Accession Number : ADA290298
Title : Crystallization Behavior and Microstructure Evolution of (Al,Fe)2O3 Synthesized from Liquid Precursors.
Corporate Author : CALIFORNIA UNIV SANTA BARBARA DEPT OF MATERIALS
Personal Author(s) : Polli, Andrew D. ; Lange, Fred F. ; Levi, Carlos G.
PDF Url : ADA290298
Report Date : DEC 1994
Pagination or Media Count : 37
Abstract : Aqueous solutions of Al3+ and Fe3+ nitrates were used to produce (Al,Fe)2O3 amorphous solid solutions with up to 50 mole% Fe2O3. Following subsequent heat treatments, all compositions first crystallized to gamma(Al,Fe)2O3 and those with greater than 20% Fe2O3 ultimately partitioned into a mixture of Al2O3- and Fe2O3-rich alpha phase as predicted by the equilibrium diagram. There were, however, several possible transformation paths between the gamma phase and the final microstructure. Compositions with 10 and 20% Fe2O3 both formed an extended a solid solution which partitioned only sluggishly at 1100 deg C. In contrast, powders with compositions above 30% Fe2O3 formed an intermediate meta table orthorhombic phase (O) based on the equiatomic AlFeO3 compound, but also decomposed eventually into the mixture of two alpha phases. It appears that the alpha mixture may evolve directly from gamma for compositions near 30%Fe2O3, but clearly forms from O as the Fe content increases.
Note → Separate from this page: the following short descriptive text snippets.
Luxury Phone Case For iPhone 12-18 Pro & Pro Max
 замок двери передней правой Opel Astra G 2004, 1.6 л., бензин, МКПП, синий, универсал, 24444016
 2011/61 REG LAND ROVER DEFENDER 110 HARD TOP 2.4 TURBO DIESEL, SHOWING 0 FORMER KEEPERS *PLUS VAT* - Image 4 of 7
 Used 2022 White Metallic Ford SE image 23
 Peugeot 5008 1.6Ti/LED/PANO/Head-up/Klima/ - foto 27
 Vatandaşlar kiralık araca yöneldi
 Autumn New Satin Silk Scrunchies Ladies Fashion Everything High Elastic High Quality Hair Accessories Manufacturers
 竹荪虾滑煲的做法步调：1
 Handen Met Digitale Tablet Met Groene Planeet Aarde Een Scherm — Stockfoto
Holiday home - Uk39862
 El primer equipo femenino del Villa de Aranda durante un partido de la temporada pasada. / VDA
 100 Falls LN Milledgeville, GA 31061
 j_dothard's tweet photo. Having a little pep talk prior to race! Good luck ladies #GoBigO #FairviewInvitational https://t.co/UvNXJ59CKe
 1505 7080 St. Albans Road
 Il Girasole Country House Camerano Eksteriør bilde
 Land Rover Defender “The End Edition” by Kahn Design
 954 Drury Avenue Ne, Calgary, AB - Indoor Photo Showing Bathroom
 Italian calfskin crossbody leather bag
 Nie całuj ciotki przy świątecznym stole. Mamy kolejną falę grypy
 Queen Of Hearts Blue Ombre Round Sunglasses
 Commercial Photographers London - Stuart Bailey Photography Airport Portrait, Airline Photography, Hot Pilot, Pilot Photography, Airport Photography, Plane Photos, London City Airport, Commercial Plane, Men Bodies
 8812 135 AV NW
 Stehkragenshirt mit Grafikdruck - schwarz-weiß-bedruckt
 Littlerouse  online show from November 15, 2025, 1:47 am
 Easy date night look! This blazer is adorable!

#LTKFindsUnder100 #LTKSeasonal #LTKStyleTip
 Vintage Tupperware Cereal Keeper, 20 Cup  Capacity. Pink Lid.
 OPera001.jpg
Resistance to partitioning also reaches a minimum at approx. 30%Fe2O3. The alpha grain size approx,1 micrometer for compositions less than 5%Fe2O3, and decreases to less than 200 nm for compositions greater than 10%Fe2O3 synthesized at 900 deg C, reflecting the strong effect of Fe2O3 on grain refinement relative to pure Al2O3. The formation of single phase alpha in compositions less than 20% Fe2O3 appears to occur without the prior nucleation of Fe2O3-rich 'seeds', as suggested in the literature, whereas the partitioned alpha mixtures exhibit orientation relationships suggestive of epitaxial nucleation of one phase on the other. An enhanced understanding of the thermodynamics and transformation kinetics of this system emerges from the analysis of the present microstructures. (jg)
Descriptors : *LIQUIDS, *PRECURSORS, *CRYSTALLIZATION, *IRON, *OXIDES, *ALUMINUM, *EVOLUTION(GENERAL), MICROSTRUCTURE, THERMODYNAMICS, POWDERS, COMPOSITE MATERIALS, PATHS, ORIENTATION(DIRECTION), EPITAXIAL GROWTH, METAL MATRIX COMPOSITES, EQUILIBRIUM(GENERAL), NUCLEATION, MIXTURES, HEAT TREATMENT, CERAMIC MATERIALS, GAMMA RAYS, KINETICS, REFINING, SOLID SOLUTIONS, GRAIN STRUCTURES(METALLURGY), DIAGRAMS, TRANSFORMATIONS.
Subject Categories : Inorganic Chemistry
Laminates and Composite Materials
Distribution Statement : APPROVED FOR PUBLIC RELEASE